Les spectres sans tête, d'après Louis Boulanger
Le Dernier Jour d'un condamné
Victor Hugo (1802-1885), auteur.
BnF, département Littérature et Art, 4-Z-1628 (A,1)
© Bibliothèque nationale de France
Le condamné lit les noms gravés sur le mur de sa cellule, « Dautun, celui qui a coupé son frère en quartiers, et qui allait la nuit dans Paris jetant la tête dans une fontaine et le tronc dans un égout ; Poulain, celui qui a assassiné sa femme »… Tous ont été condamnés à mort avant lui.

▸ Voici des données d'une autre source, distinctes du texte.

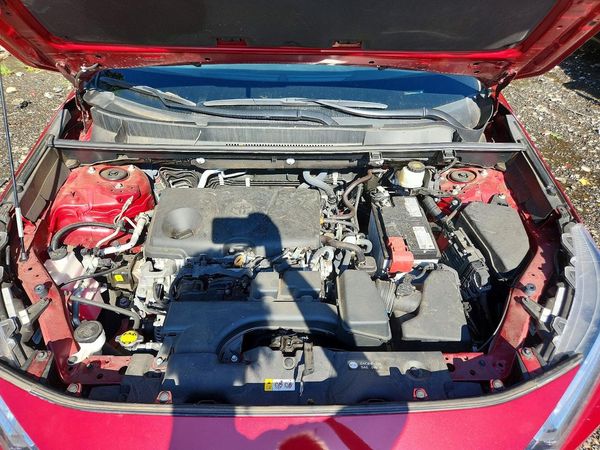 2023 TOYOTA RAV4 LE — Engine bay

« Je ne suis ni visionnaire, ni superstitieux. Il est probable que ces idées me donnaient un accès de fièvre ; mais pendant que je rêvais ainsi, il m'a semblé tout à coup que ces noms fatals étaient écrits avec du feu sur le mur noir ; un tintement de plus en plus précipité a éclaté dans mes oreilles ; une lueur rousse a rempli mes yeux ; et puis il m'a paru que le cachot était plein d'hommes, d'hommes étranges qui portaient leur tête dans leur main gauche, et la portaient par la bouche, parce qu'il n'y avait pas de chevelure. Tous me montraient le poing, excepté le parricide.

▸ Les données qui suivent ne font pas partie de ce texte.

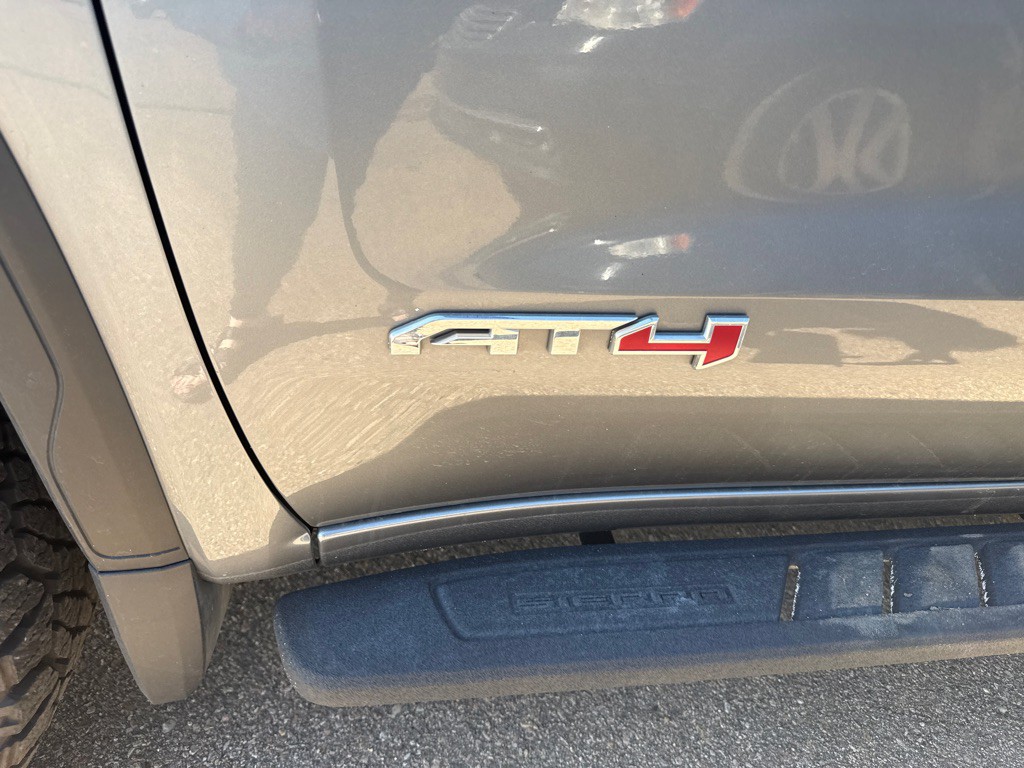 2022 GMC Sierra Image 11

J'ai fermé les yeux avec horreur, alors j'ai tout vu plus distinctement.
Rêve, vision ou réalité, je serais devenu fou, si une impression brusque ne m'eût réveillé à temps. J'étais près de tomber à la renverse lorsque j'ai senti se traîner sur mon pied nu un ventre froid et des pattes velues ; c'était l'araignée que j'avais dérangée et qui s'enfuyait.
Cela m'a dépossédé. – O les épouvantables spectres ! – Non, c'était une fumée, une imagination de mon cerveau vide et convulsif. Chimère à la Macbeth ! Les morts sont morts, ceux-là surtout. Ils sont bien cadenassés dans le sépulcre. Ce n'est pas là une prison dont on s'évade. Comment se fait-il donc que j'aie eu peur ainsi ? La porte du tombeau ne s'ouvre pas en dedans. »

Victor Hugo. Le Dernier Jour d'un condamné, chap. XII.